The government’s access to these IMF funds is contingent upon meeting stringent conditionalities set by the IMF. These include implementing a national tax policy to broaden the tax base, eliminating fuel subsidies, combating corruption, and reforming State-owned enterprises.
The IMF had previously praised the now-defunct Finance Bill, 2024 as a vital initiative for expanding the domestic tax base through the rationalisation of tax expenditures.
However, the bill’s withdrawal in June, prompted by protests led by Generation Z and a High Court ruling, created a significant setback.
This withdrawal led to a Sh346 billion revenue shortfall, further complicating Kenya’s fiscal consolidation efforts.
The IMF postponed loan disbursement in September 2024 due to the Finance Bill’s collapse, causing Kenya to miss its June deadline for achieving budget balance and enhancing revenue collection under the four-year, $3.6 billion (Sh464.4 billion) programme.
Despite these challenges for President William Ruto’s administration, the IMF has reiterated its commitment to supporting Kenya.
In a statement released in September, the global lender expressed its willingness to work with Kenyan authorities to explore alternative policies that could facilitate the programme’s completion.

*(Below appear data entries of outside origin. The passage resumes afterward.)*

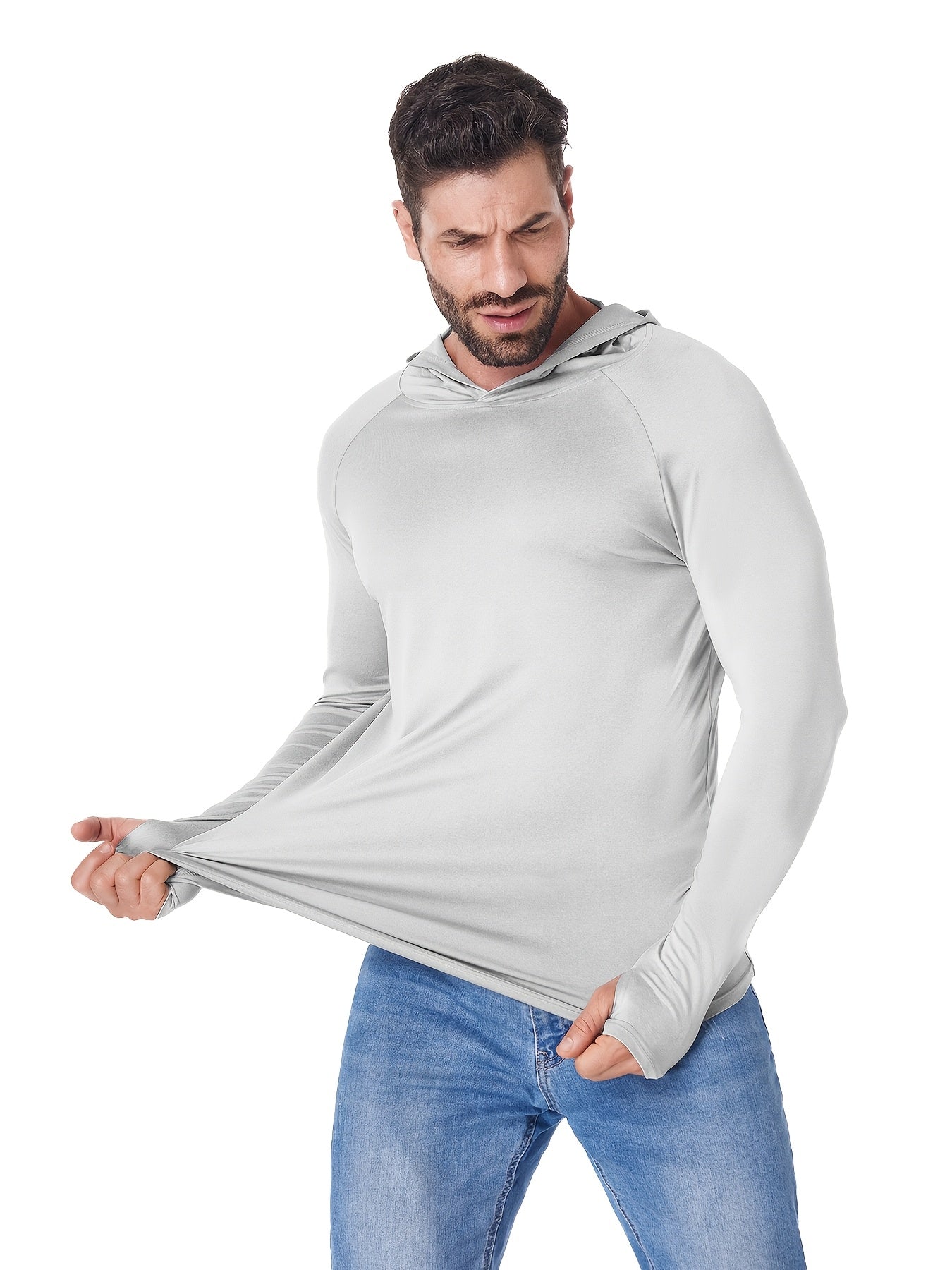 5 Pack Men's Long Sleeve Hooded Fishing Shirts UPF Sun Protection – Lightweight Moisture-Wicking Rash Guard for Fishing Hiking Kayaking Boating Outdoor Sports, Sizes S-XXL, 3 Mixed Color Sets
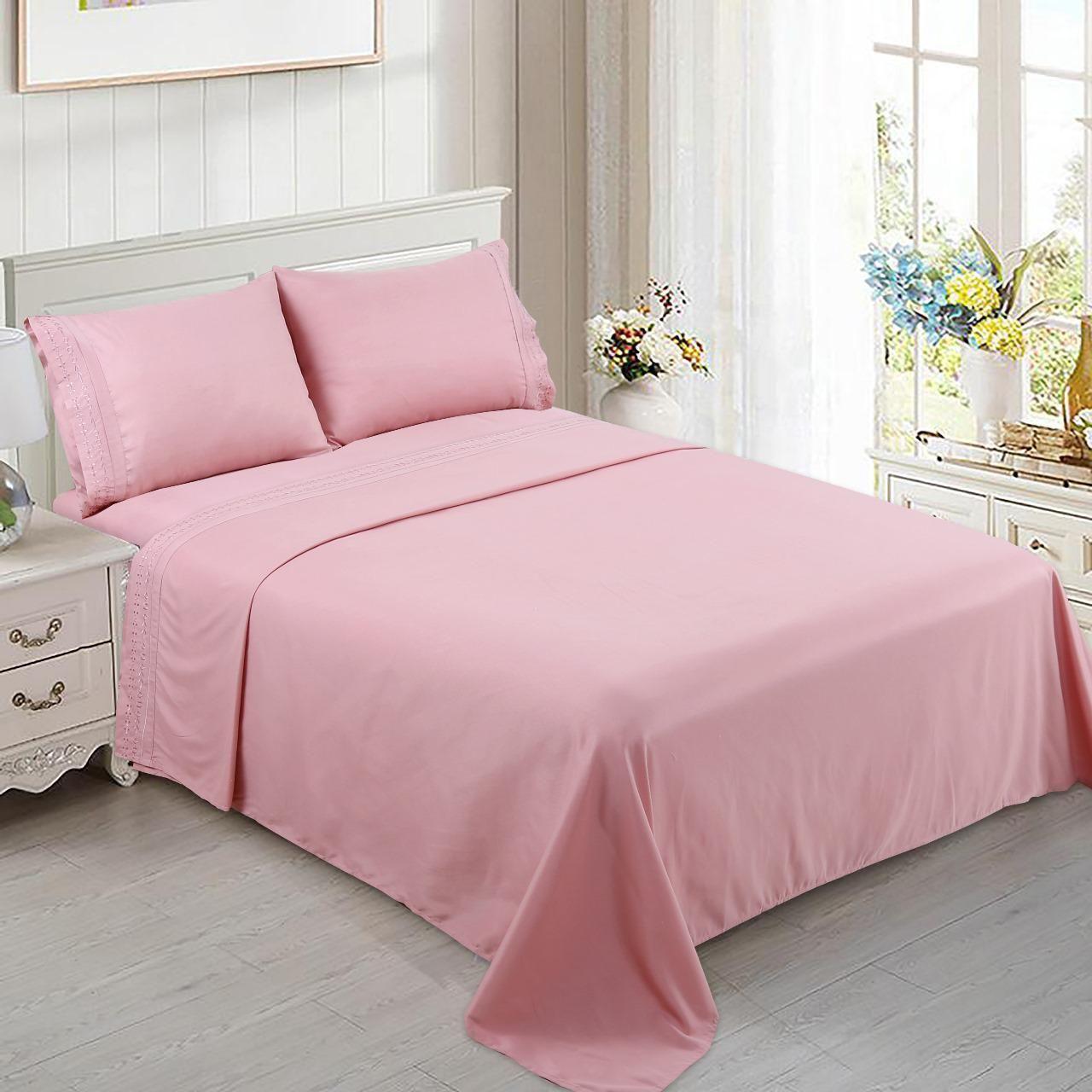 Sabana King  Bordada 200 Hilos color a elección -1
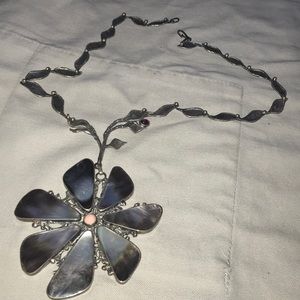 Antique mother of pearl flower necklace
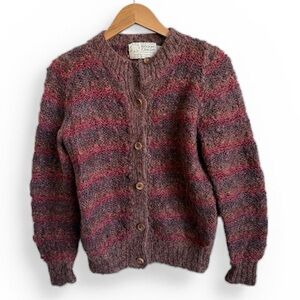 Vintage Stone Circle Handknit Ireland Wool Cardigan Boucle Textured Sweater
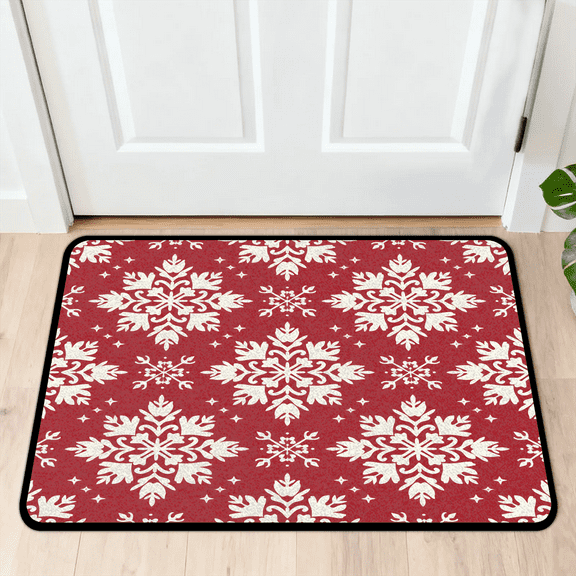 CURLYOOT Christmas Snowflake Door Mat 24" x 36" Absorbent Front Doormat Entrance Mat Non-Slip Washable Welcome Mats Red Floor Mats for Entryway Indoor Outdoor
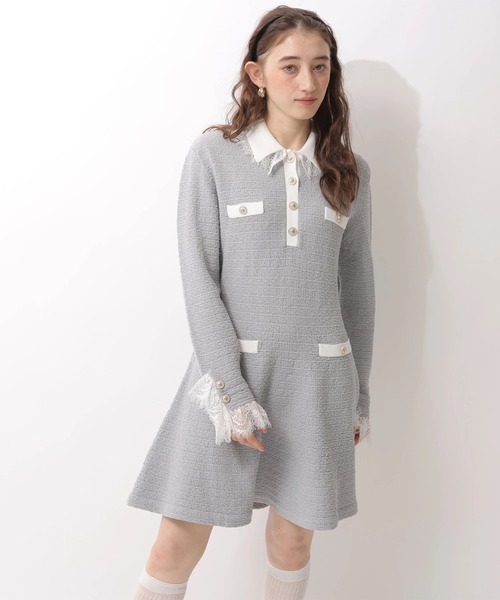 Rirandture（リランドチュール）の「ツィードポロカラーミニニットワンピース（ワンピース・レディース・グレー/ブラック/ライトブルー・1/2）」の14枚目の写真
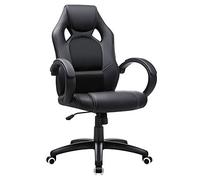 SONGMICS Racing Silla de Escritorio de Oficina Ergonómica Regulable con Ruedas, OBG56B, Negro, 776732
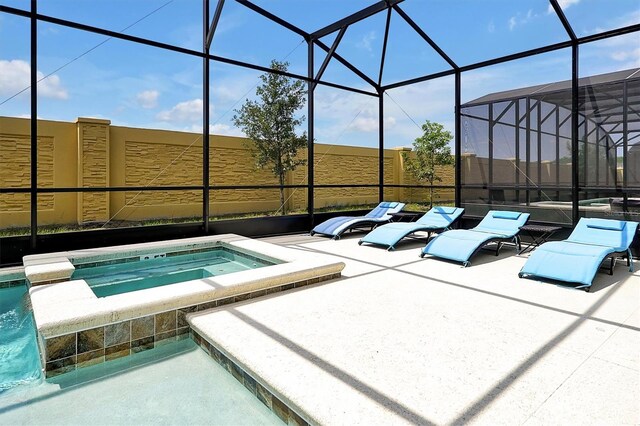 3860 Sonoma Blvd, Kissimmee, FL 34741 - view of pool with a patio, a lanai, and a pool with connected hot tub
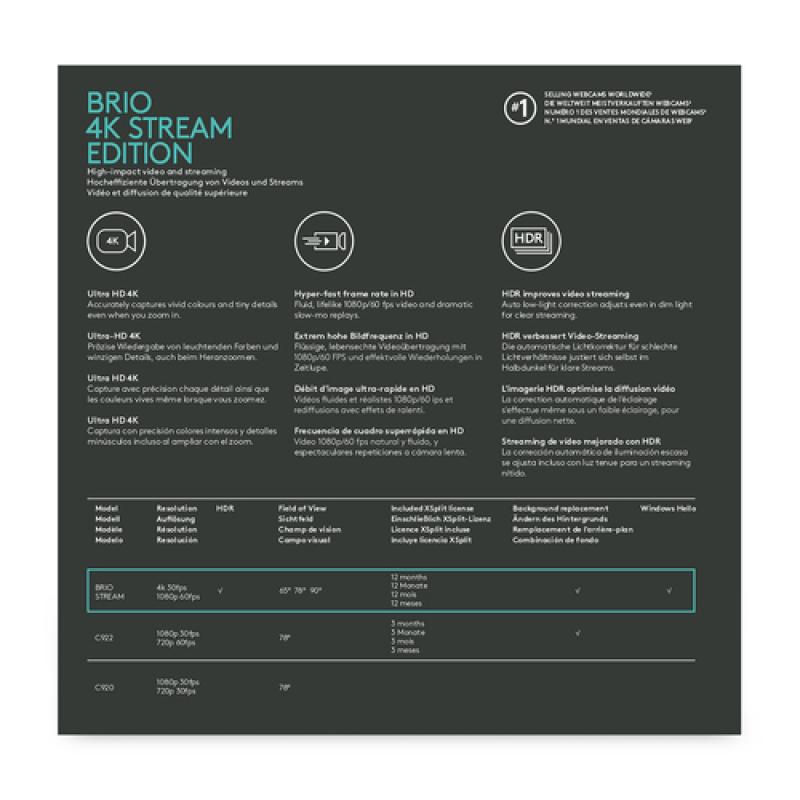 Logitech Brio Stream cámara web 4096 x 21060 Pixeles USB 3.2 Gen 1 (3.1 Gen 1) Negro - Imagen 11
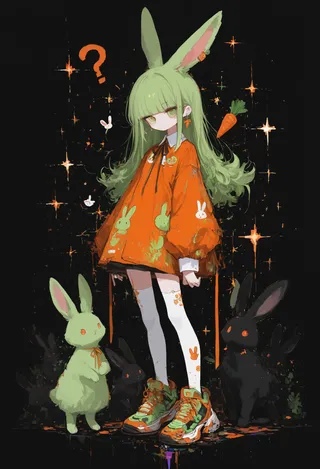 A green-haired rabbit girl with bunny ears wears an oversized orange dress with bunny motifs, white thigh-high socks, and colorful sneakers, standing amid dark background with glowing orange stars and rabbits.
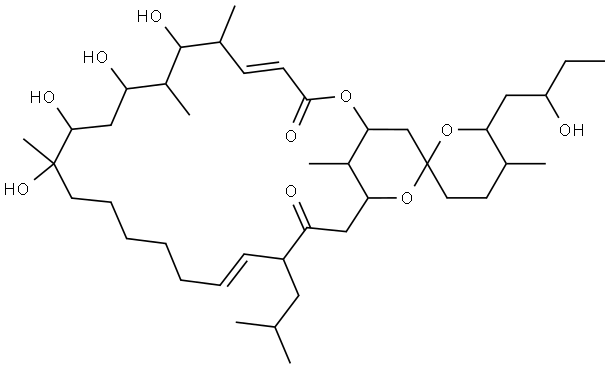 (4E,18E)-3',4',5',6'-Tetrahydro-7,9,11,12-tetrahydroxy-6'-(2-hydroxybutyl)-5',6,8,12,27-pentamethyl-20-(2-methylpropyl)spiro[2,24-dioxabicyclo[21.3.1]heptacosa-4,18-diene-25,2'-[2H]pyran]-3,21-dione 结构式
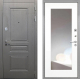 Входная металлическая Дверь Интекрон (INTECRON) Брайтон Графит ФЛЗ-120-М Зеркало Белый матовый в Апрелевке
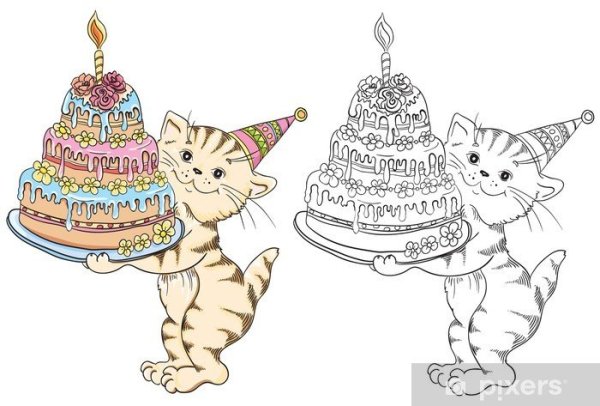 Раскраски с днем рождения кошка (43 фото)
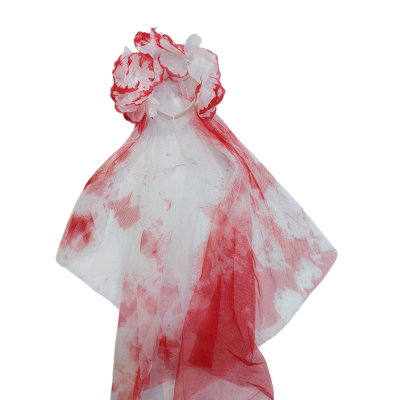 Vincha flor blanca con velo halloween x1 unidad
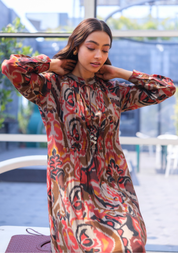 Gather Dark Ikat Dress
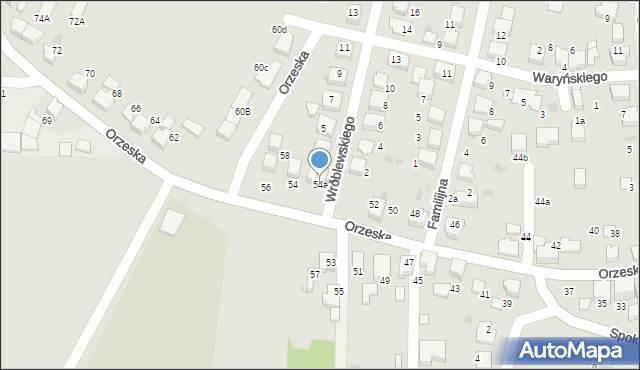 Łaziska Górne, Orzeska, 54a, mapa Łaziska Górne
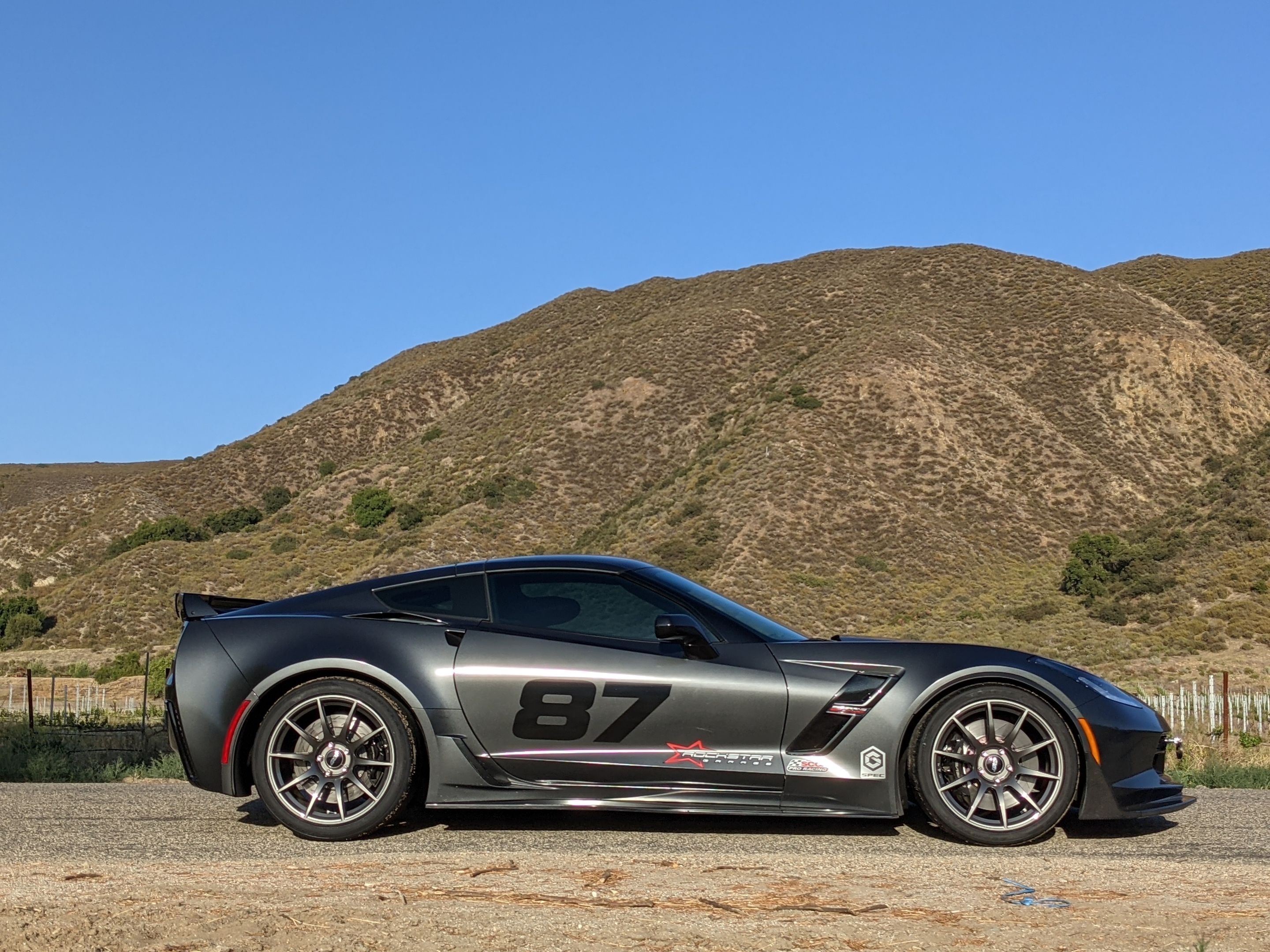 Grey Chevrolet C7 Corvette Grand Sport with 19" SM-10 Apex wheels in Anthracite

Central Bank of Kenya (CBK) Governor Kamau Thugge recently exuded confidence in Washington that Kenya had met all IMF conditionalities except for revenue generation. Dr Thugge noted that while targets for December are still in place, the progress of the programme requires a combined 7th and 8th review by the IMF Executive Board.
A successful review would expedite the loan disbursement process.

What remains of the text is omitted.